Imogen Cunningham and Women / by M Durquet

Imogen Cunningham
Coffee Gallery, 1960 by Imogen
Portrait of a Woman, 1939, by Imogen
What is on my mind today: the state of women in 2015. It's a vast topic, but I will make it local and personal. I've been reminded that even, and maybe especially, in Silicon Valley, which has some of the best opportunities for creative people, women do not compete on equal terms with the men who run and fund tech companies. See, for example, the January 2015 article by Nina Burleigh in Newsweek: What Silicon Valley thinks of Women, which describes the sexism there as "sordid and systemic." http://www.newsweek.com/2015/02/06/what-silicon-valley-thinks-women-302821.html

In this same Valley, I teach at one of the top high schools in the state, a place where there is much talk about reducing the "achievement gap"(when Latino, Black and other minority students are not performing as well as their Asian and White peers). I don't remember the last time I heard anyone on campus talk about reducing the achievement gap between male and female students in certain subjects- particularly advanced Math and Science classes, where we don't even have statistics but know that these classes are filled mostly with young men. This topic seems to have fallen off the radar in a lot of schools, while universities still lament the underrepresentation of female students and professors in these subjects. We are talking about 50 % of the population, which also includes those in the "traditional" achievement gap. Why is this not equally as, or even more alarming to those of us who think that in 2015, the world is accessible to our daughters, sisters, mothers? 


The subject of how we see and value women came up for me recently in an unexpected way, through the name of a great photographer: Imogen Cunningham. Recently I met with a man who is well known in San Francisco cultural circles and a keen observer/lover of women in his work and life. He had known Imogen. "Oh, she used to live down the street from me," he said, "and she kept asking to take my picture, but I kept telling her no. I didn't know who she was- she was just a little old lady. Later, I used to confuse her with Dorothea Lange." So I asked him, "If she had been young and beautiful, would you have agreed to have your picture taken?" "Oh, of course," he said, "but not because I'd want her to take my picture."

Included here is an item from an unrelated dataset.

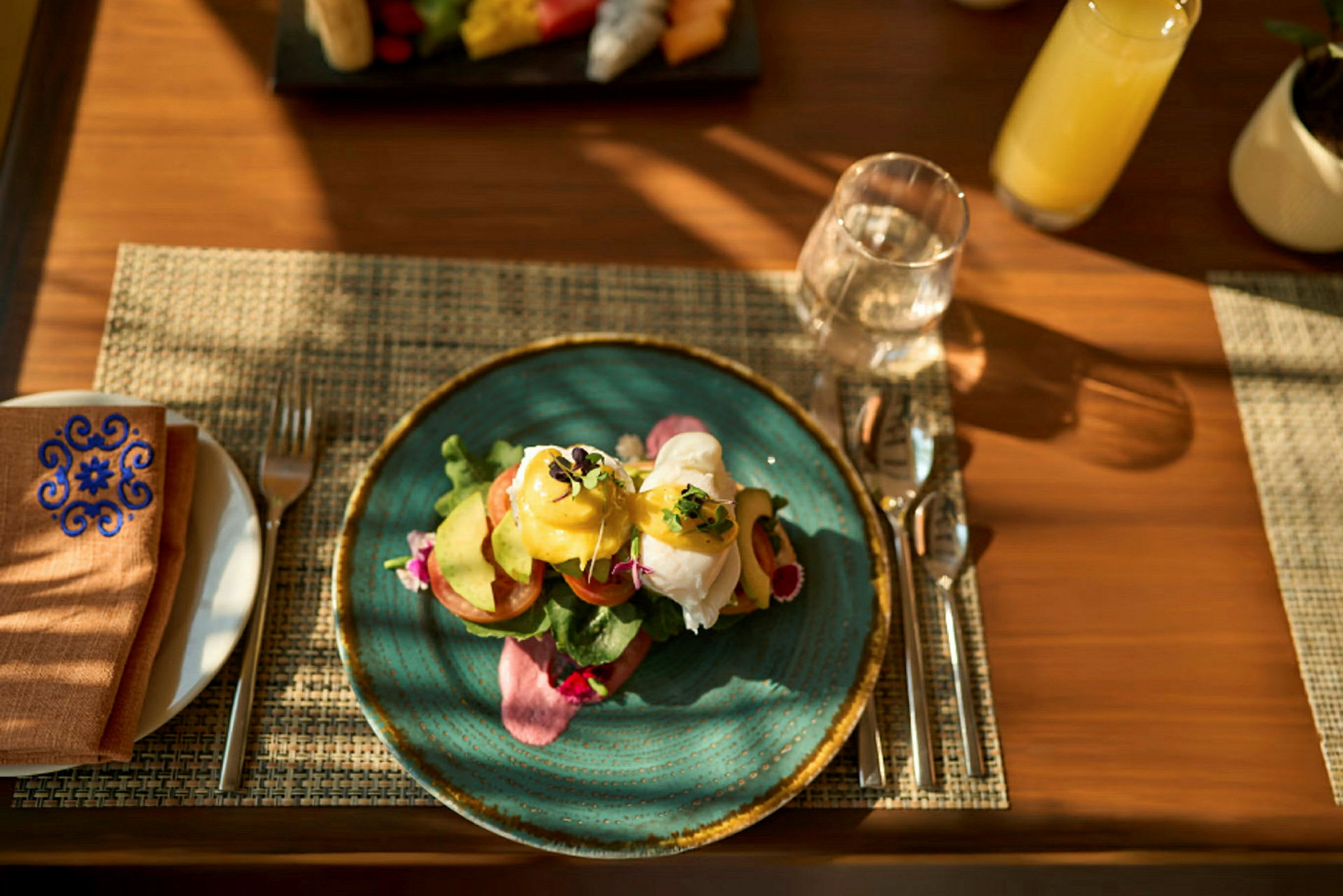 En tallerken med mat på en restaurant, inkludert et frokostlignende oppsett med egg og salat. (AI-generert tekst)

In the US, we fall behind many other countries, and not just industrialized countries, when it comes to the representation of women in many areas of public life. We are doing immeasurable damage when we dismiss old women because they look old, and young women because they are women. When we look at women through the veil of youth, beauty, availability, potential for personal or financial gain, we strip away the possibility of fully knowing them and deny their potential to express their ideas and talents. That is what happened to Imogen all those times she asked to take that man's picture.